Required work: Pictures excluded, please transcribe exactly the lines from the one with "Toyota Camry 2.5Q" through the end of the records below, and nothing more.
(Data to examine begins)
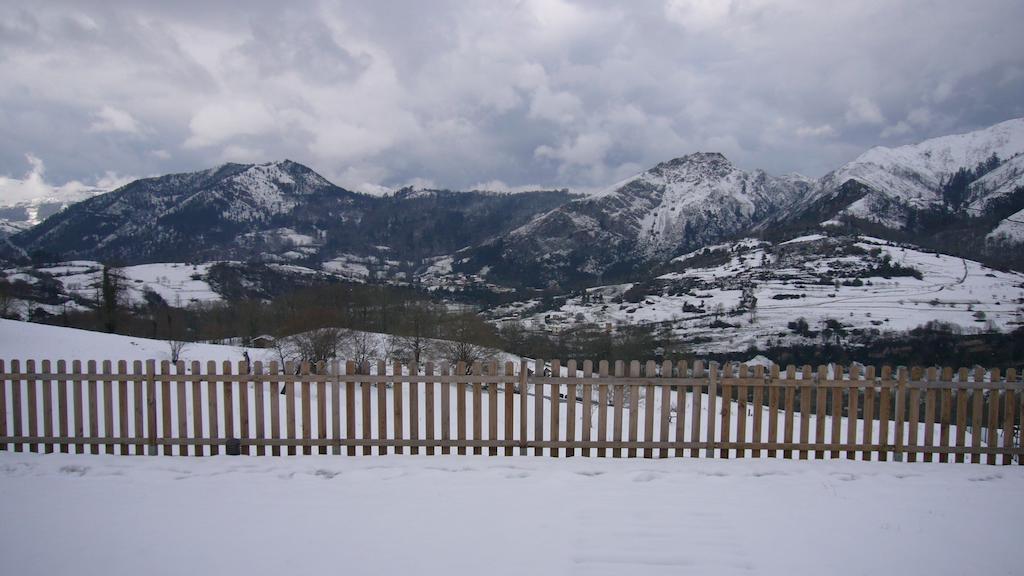 Apartamentos La Senda San Juan de Parres Dış mekan fotoğraf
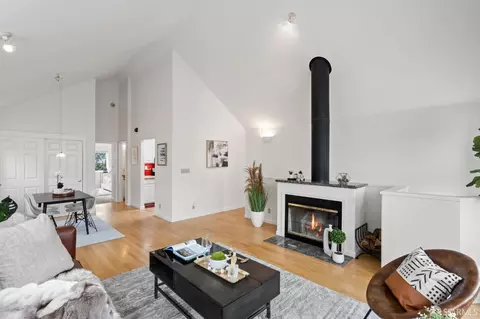 783 Andover St, San Francisco, CA 94110 photo 4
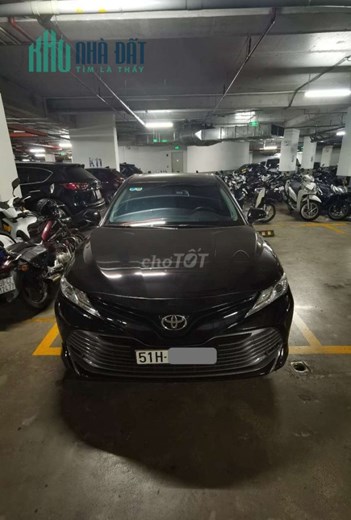 Toyota Camry 2.5Q 2019 đen, siêu lướt odo 13,000km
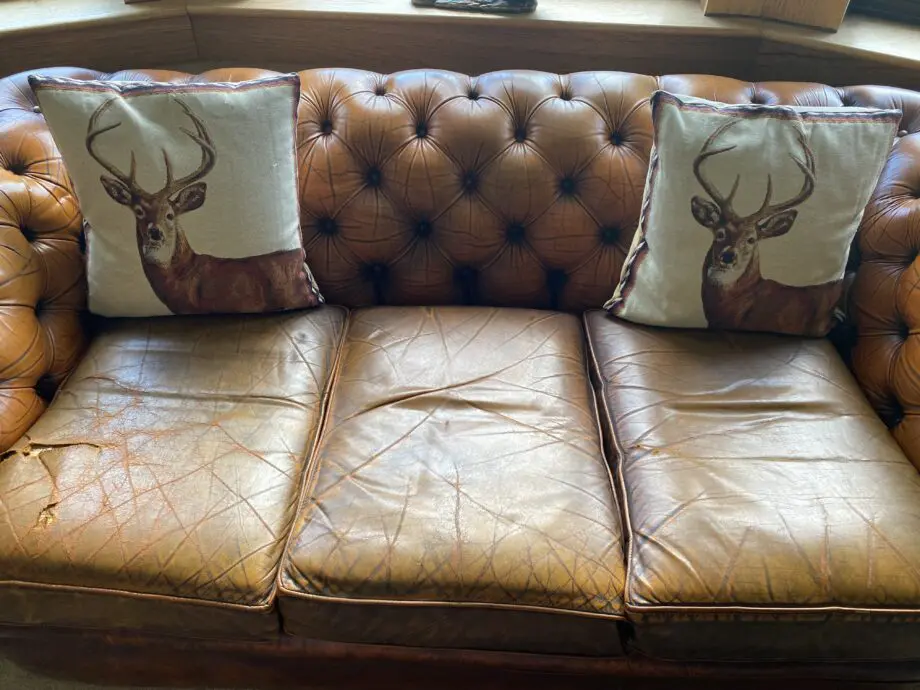Vintage Genuine Chesterfield Pegasus 3 Piece Suite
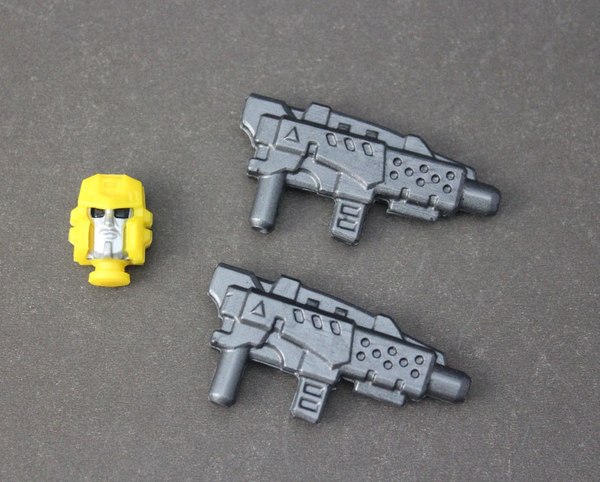 Renderform Hub Warrior Upgrade Kits Turn IDW Generations Bumblebee Into Hubcap  (2 of 7)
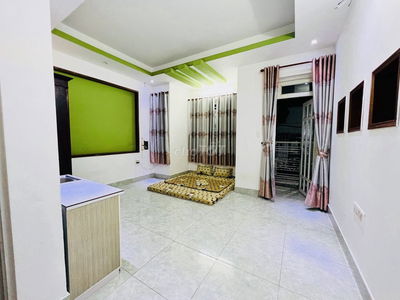 PHÒNG TRỌ BAN CÔNG LẦU 1 THOÁNG MÁT GẦN CVPM QUANG TRUNG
(Data to examine ends)
The answer:
 Toyota Camry 2.5Q 2019 đen, siêu lướt odo 13,000km
Vintage Genuine Chesterfield Pegasus 3 Piece Suite
 Renderform Hub Warrior Upgrade Kits Turn IDW Generations Bumblebee Into Hubcap  (2 of 7)
 PHÒNG TRỌ BAN CÔNG LẦU 1 THOÁNG MÁT GẦN CVPM QUANG TRUNG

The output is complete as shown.